# Hubbies and the things we soo love about them..



## memyselfandi (Jan 10, 2012)

Hello married peeps!!

I have a funny question for you all.

What drives you crazy about your hubbies. Besides stinking up the bathroom, forgetting to put the seat down, burping, farting, blaming it on the dog, etc.

Maybe I covered it all in one paragraph?? LOL!!

Oh..I thought of one. Leaving just a small piece of toilet paper on the toilet paper roll so he doesn't have to change it. The man will walk across the room with his pants halfway down to get a new roll of toilet paper, leave the new roll sitting alongside the toilet..but WILL NOT take that last small piece of toilet paper off the roll.

Because THEN he'd have to change it...

HAHAHA!!


----------



## ScarletBegonias (Jun 26, 2012)

awww he's such a sweetheart and has a touch of ocd so it's likely there are more things I do that drive him crazy than the other way around 

I guess if I was forced to pick something that drives me nuts it would be how long it takes him to do things bc he's trying so hard for perfection.  It takes me less time to cook a meal than it does for him to clean up the kitchen afterward and I'm a clean as I go kind of cook so LOL


----------



## daffodilly (Oct 3, 2011)

He can be ridiculously moody without warning at times.....to the point where my oldest DD and I joke that Dad must have got his period this morning :rofl: He'd kill me if he ever heard that joke!


----------



## Omego (Apr 17, 2013)

When he asks "where is such or such thing, I can't find it" and then I come and find it immediately.

Or how about when I'm driving: "Can't you go any faster? Why are you staying behind this slow car? Get into the left lane! Pass! At this rate, we'll never get there!" etc etc.

I'm sure I'll think of more things later!


----------



## Giro flee (Mar 12, 2013)

Why can't he find things in the refrigerator? It's a finite amount of space, why must I always give him directions to get out a jar of mustard?


----------



## karole (Jun 30, 2010)

My dear hubby starts project after project, but never completes anything. It drives me nuts!


----------



## dormant (Apr 3, 2012)

karole said:


> My dear hubby starts project after project, but never completes anything. It drives me nuts!


Karole, are you my wife?????


----------



## Anonymous07 (Aug 4, 2012)

Omego said:


> When he asks "where is such or such thing, I can't find it" and then I come and find it immediately.


:iagree:

My husband can be so disorganized, it drives me a bit batty. 

I bought him a small tin box thing for him to keep his wallet, phone, and keys in, so he can't lose them all the time. They'll always be in that spot instead of him running around in the morning asking me, where are my car keys? where is my wallet? Have you seen my phone?. He also likes to just put stuff on the first shelf in front of him instead of where it belongs. The pantry is organized with places for everything, that way they are easy to find. He doesn't seem to care. 

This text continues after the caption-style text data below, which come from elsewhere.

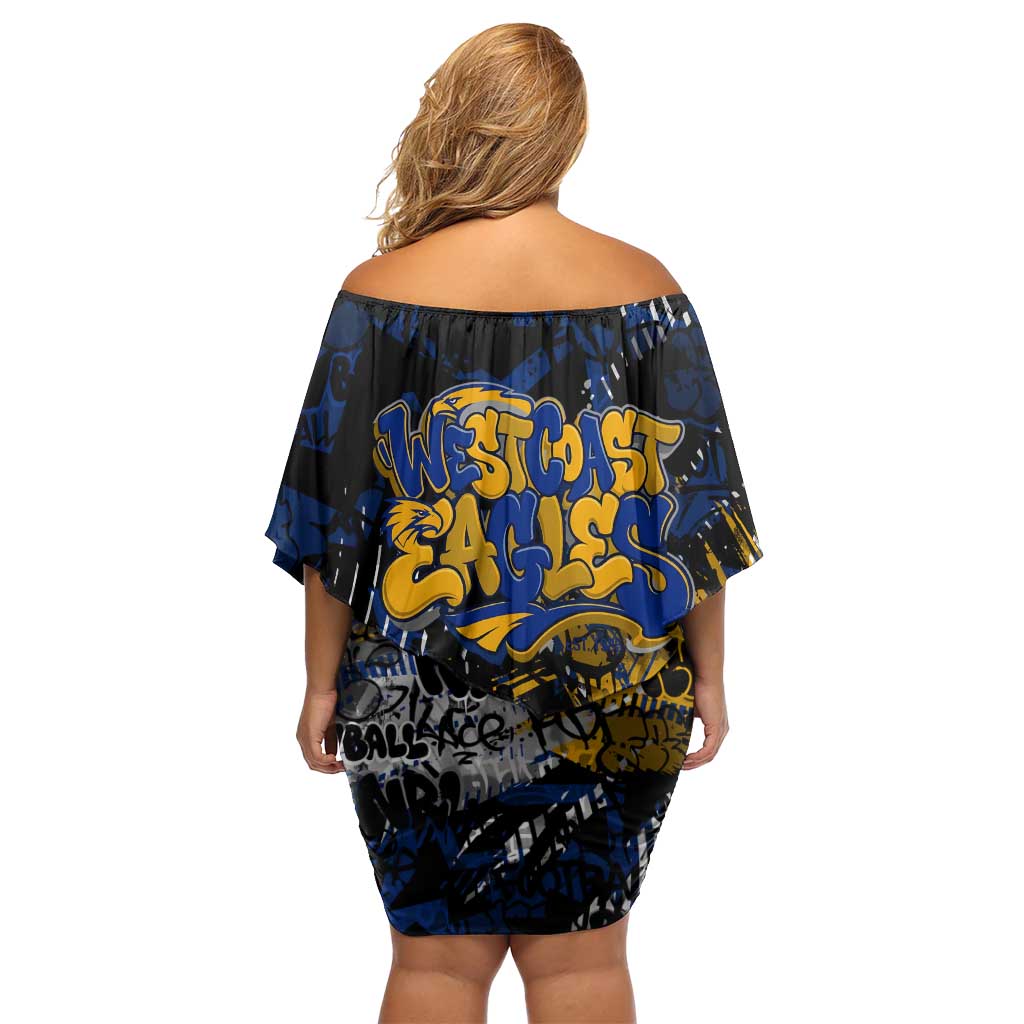 West Coast Eagles Family Matching Off Shoulder Short Dress and Hawaiian Shirt Urban Graffiti Street Art - Bold Abstract Spray Paint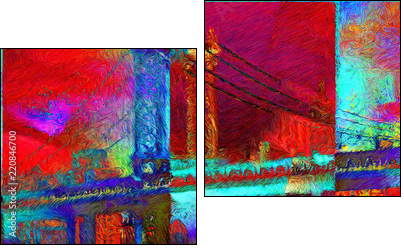 Manhattan bridge - Zweiteiliges Leinwandbild, Diptychon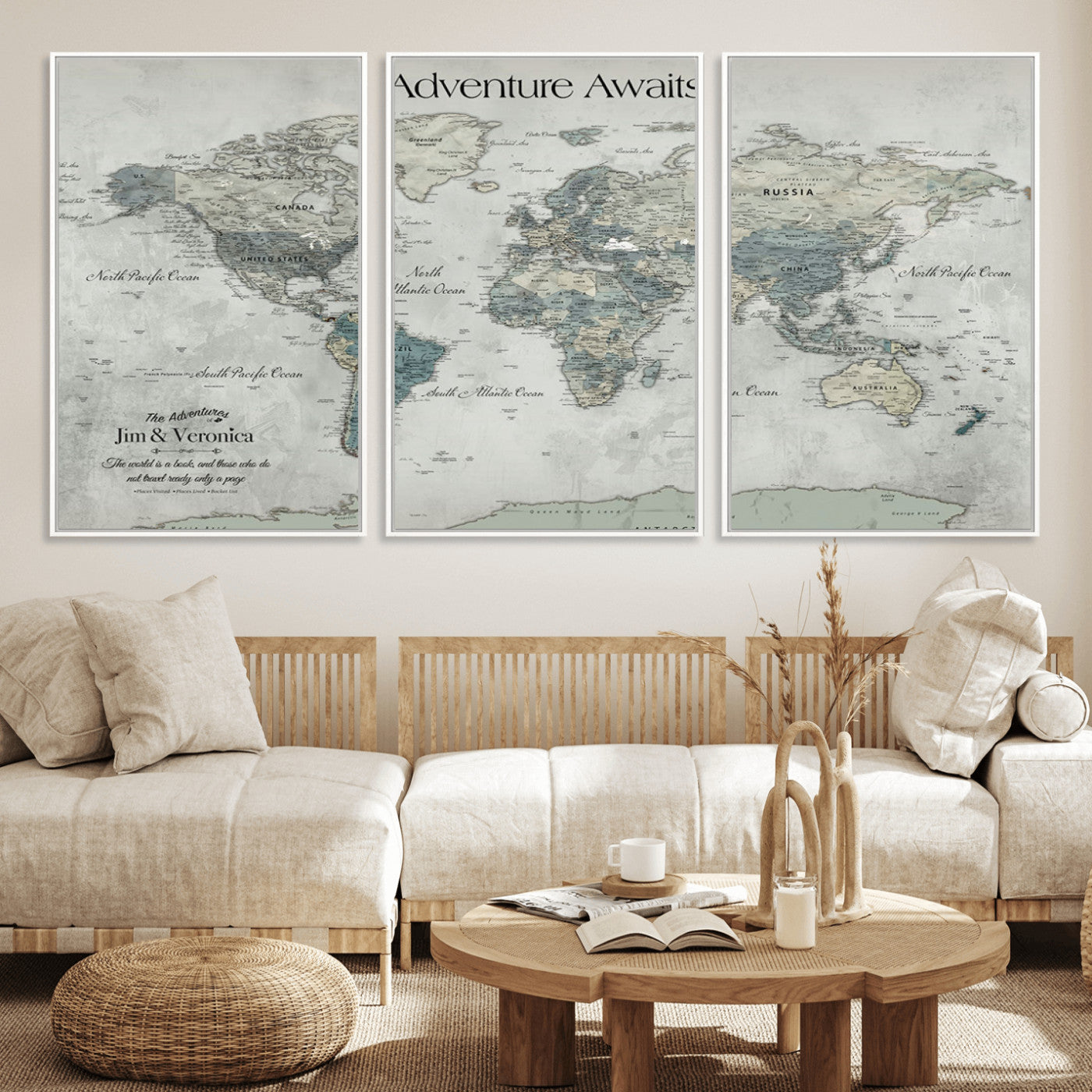 Customize Push Pin World Map Wall Canvas Print – Personalized Travel Tracker with Pins – Framed Custom Quotie Canvas for Home Office Decor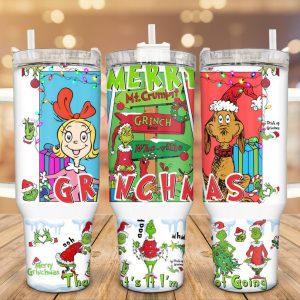 Christmas Grinch Disney Cartoon Custom Stanley Quencher 40Oz Stainless Steel Tumbler With Handle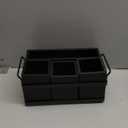 PTSTING Silverware Caddy Black Wood Silverware Holder Paper Plate Dispenser Utensil Caddy Cutlery Flatware Organizer Box for Spoons Forks Plates Napkins
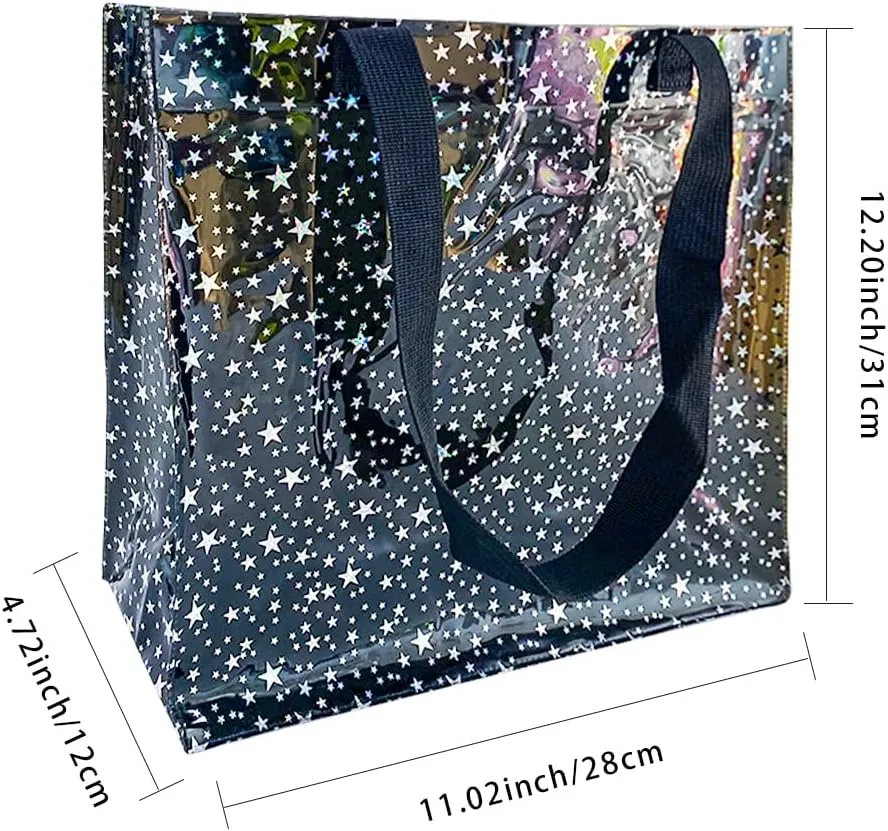TotePrint 2PCS Clear Star Hand Bags - Versatile Waterproof, Embossed Star Work Shoulder Totes for Women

I'm hoping he can eventually learn how to be more organized.


----------



## Happyfamily (Apr 15, 2014)

Giro flee said:


> Why can't he find things in the refrigerator? It's a finite amount of space, why must I always give him directions to get out a jar of mustard?


lol. Two of you mentioned this, and I get it every day. My husband is color blind, to a degree that can be astonishing. He can be looking directly at something green on top of something blue, and he can't see the green thing!

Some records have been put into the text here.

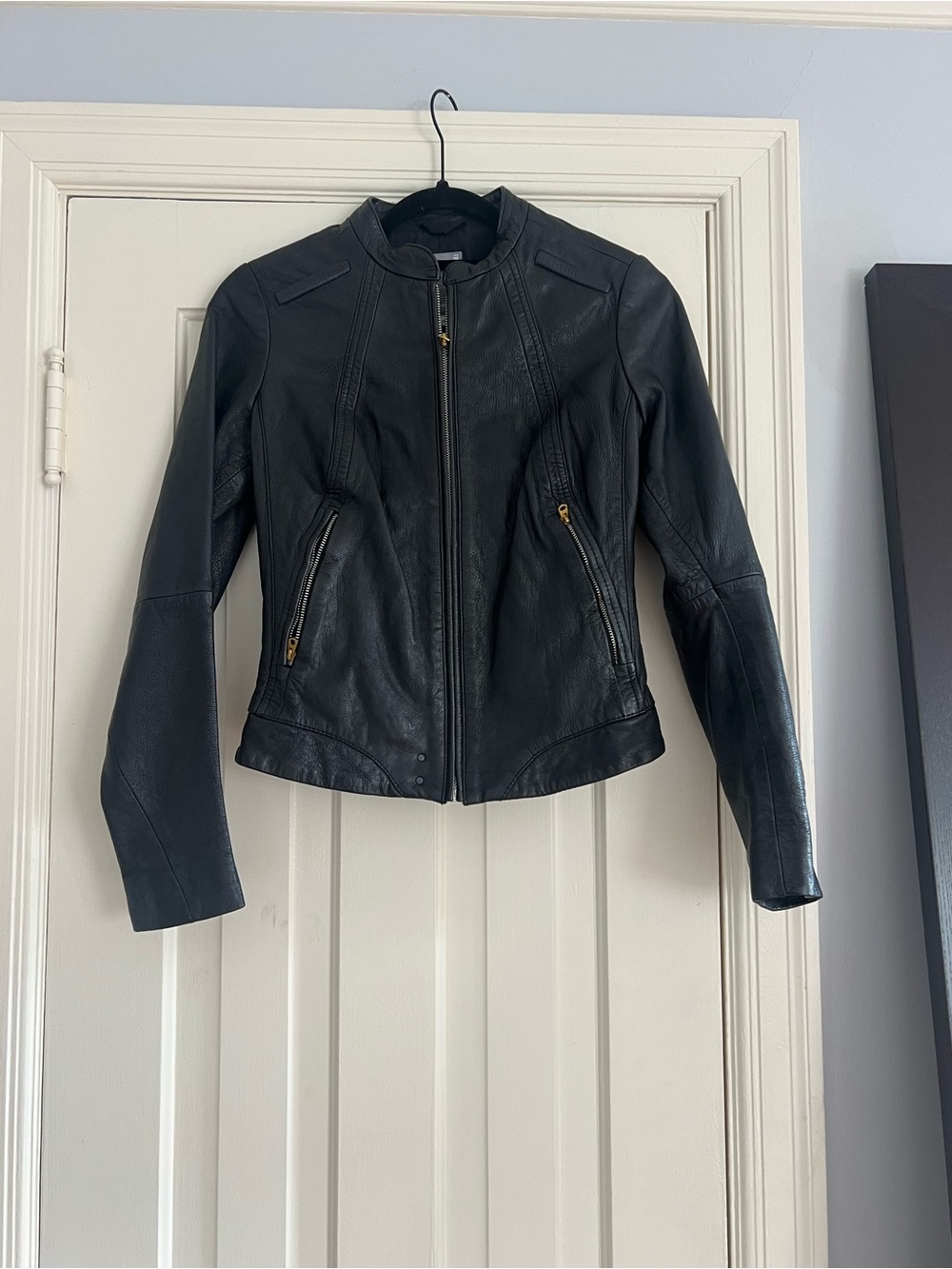 G-Star Women’s Black Leather Zip Jacket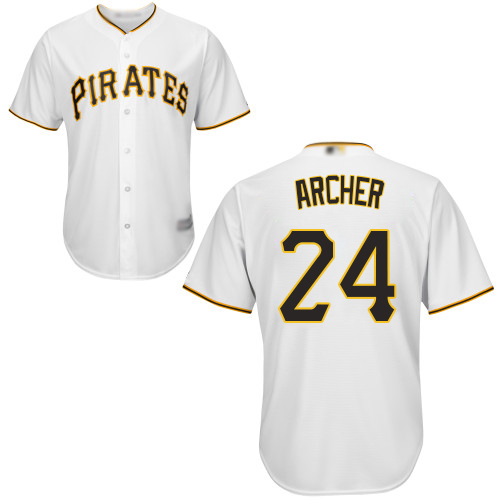 Pirates #24 Chris Archer White Cool Base Stitched Youth Baseball Jersey - Click Image to Close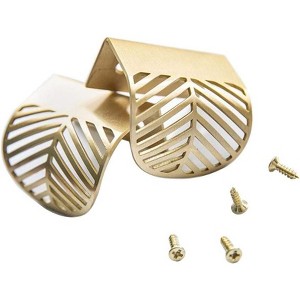 attop Solid Brass Edge Pulls for Cabinets Brushed Gold Leaf Knobs and Pulls for Dresser Drawers (2, Overall Length:2-3/8"(60mm) - 1 of 4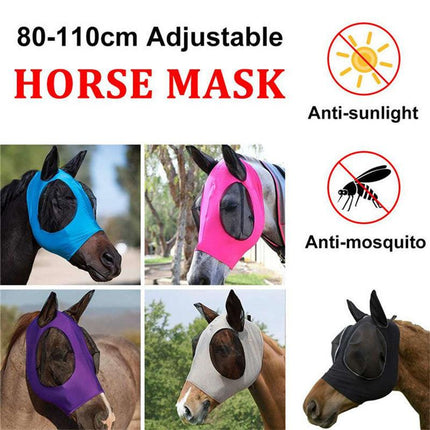 Purple 2-PCS Breathable Horse Fly Mask Set - Equestrian Fly Veils with Ears for Insect Control and Comfort.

There is some very interesting research on how differently men and women are wired, stemming from evolution with the women being the gatherers and men being the hunters.

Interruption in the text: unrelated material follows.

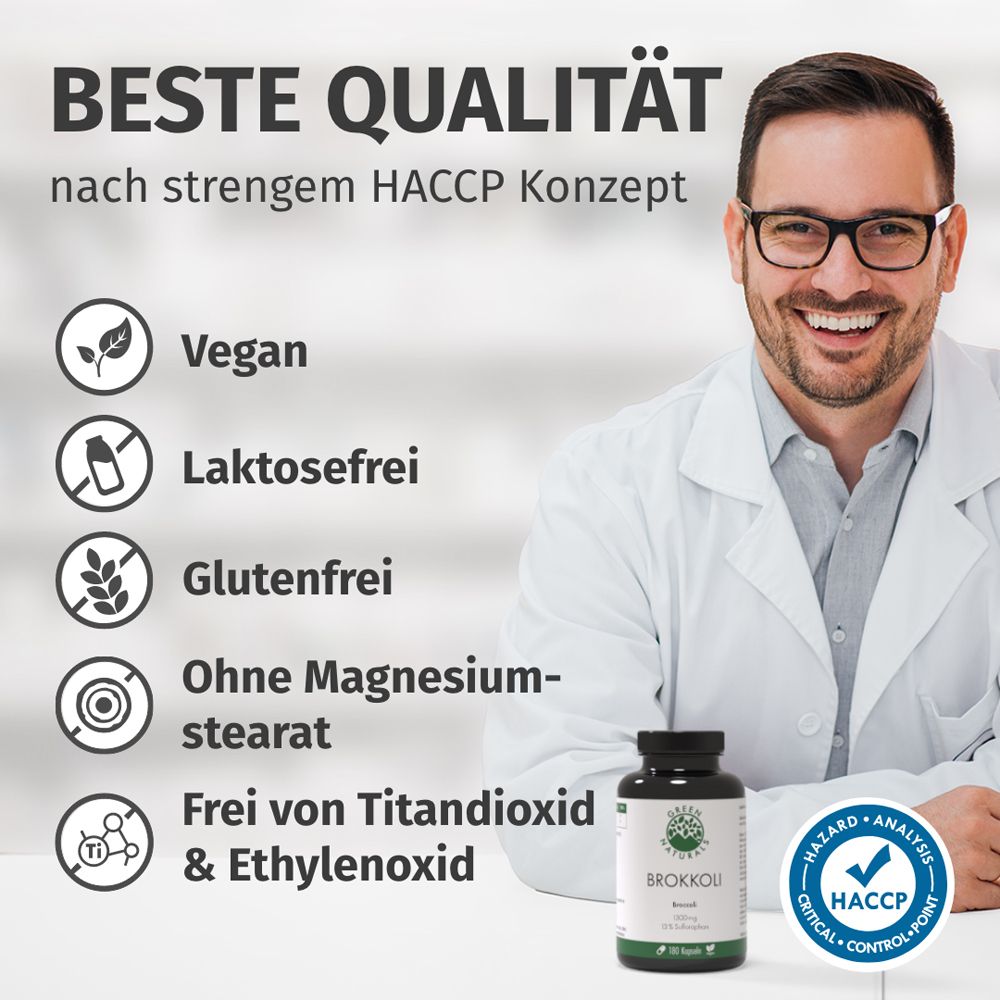 Mann mit Produkt. Text: BESTE QUALITÄT nach HACCP. Vegan, laktosefrei, glutenfrei, ohne Magnesiumstearat, frei von Titandioxid.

Women are experts at seeing all of the individual pieces in a mosaic, like berries on a bush, which leads them to give directions to places in this manner: "The cereal box is next to the flour."

Whereas a man wants linear directions "walk downstairs, left turn to kitchen, on right is refrigerator, second shelf, in the back." The man is hunting the thing and the woman is gathering it. 

This also makes men more mechanically inclined because the gear turns one way, which makes the other gear go the other way, which makes the thingie go up and down and to whatever it is go back and forth. All I see is a mosaic of different parts as opposed to following a linear transmission of power.

He's the hunter, I am the gatherer, and that's just fine by me.


----------



## jld (Dec 1, 2013)

I wish dh were more verbal. I feel like there is a lot I could learn from him, if he would be more expressive.


----------



## ocotillo (Oct 17, 2011)

Happyfamily said:


> lol. Two of you mentioned this, and I get it every day. My husband is color blind, to a degree that can be astonishing. He can be looking directly at something green on top of something blue, and he can't see the green thing!
> 
> There is some very interesting research on how differently men and women are wired, stemming from evolution with the women being the gatherers and men being the hunters.
> 
> ...


Wow. You described my wife and I to a tee. 

It makes for some colorful discussions in the kitchen about where things are located, because she does 99% of the shopping and I do 99% of the cooking.


----------



## Nikita2270 (Mar 22, 2014)

What drove me nuts about my ex-hubby is that he kept breathing.

I don't have a hubby right now but although it doesn't exactly drive me nuts...my partner is an over-planner (thanks to his annoying ex-wife) and its a bit annoying.

I have a hectic career so on weekends, I don't want to conform to a clock. I'm a weekend hippy. I do things and show up places when I damn well feel like it. I try to avoid FFFs (forced family functions) if I can. My goal for any given weekend is to get a couple good workouts in, spend most of the day in my pyjamas and to get laid.

For the most part, my partner likes to relax too. But when we do have somewhere we're forced to go...he detail plans it to the point where I dread the already dreaded event. He'll give me 10 options in detail. I usually lose interest in whatever he's saying about 3 seconds in...and my response 99% of the time is "whatever you want to do."

Its probably our only incompatibility and he's like that because his ex wife was an OCD-type over-planner and would freak out if any little detail didn't go as planned. So he's learned the behavior.

Something goes wrong at work for me every single day. I'm pretty adept at planning around various eventualities and I'm very flexible with change. 

Luckily with time, I notice that my partner is getting more used to my way of doing things and is relaxing more because he knows I won't have a conniption fit if something goes wrong. Eventually I hoping to turn him into the laid-back hippy that I know he can be...lol.


----------



## Omego (Apr 17, 2013)

Anonymous07 said:


> :iagree:
> 
> My husband can be so disorganized, it drives me a bit batty.
> 
> ...


Do we have the same husband? LOL! The wallet is really the thing he loses the most.


----------



## 6301 (May 11, 2013)

memyselfandi said:


> Hello married peeps!!
> 
> I have a funny question for you all.
> 
> ...


 Funny. I'm a guy. Been married twice and I learned the hard way that women do things and they pretend they don't do like

Burp. yep, yep, yep they do and like a champ too.

Fart. Oh you betcha doopa they do and they don't fart roses either.

Stink up the bathroom. She came out and had lit a candle and it did NOTHING but I was afraid that he she struck a match to light it, she could have blew the one side of the house up.

She never put the seat up either when she was done and all that does is screw up a guys aim when he sees a bug of piece or lint in the toilet bowl and that God damn seat is down which of course hinders our aim and we miss.

As far as the toilet paper thing goes..............you ever notice that the rolls the same size but the tube is a lot bigger so you get less paper but the roll is the same size. It's a conspiracy that's what it is. There taking our toilet paper away and sending it over seas.


----------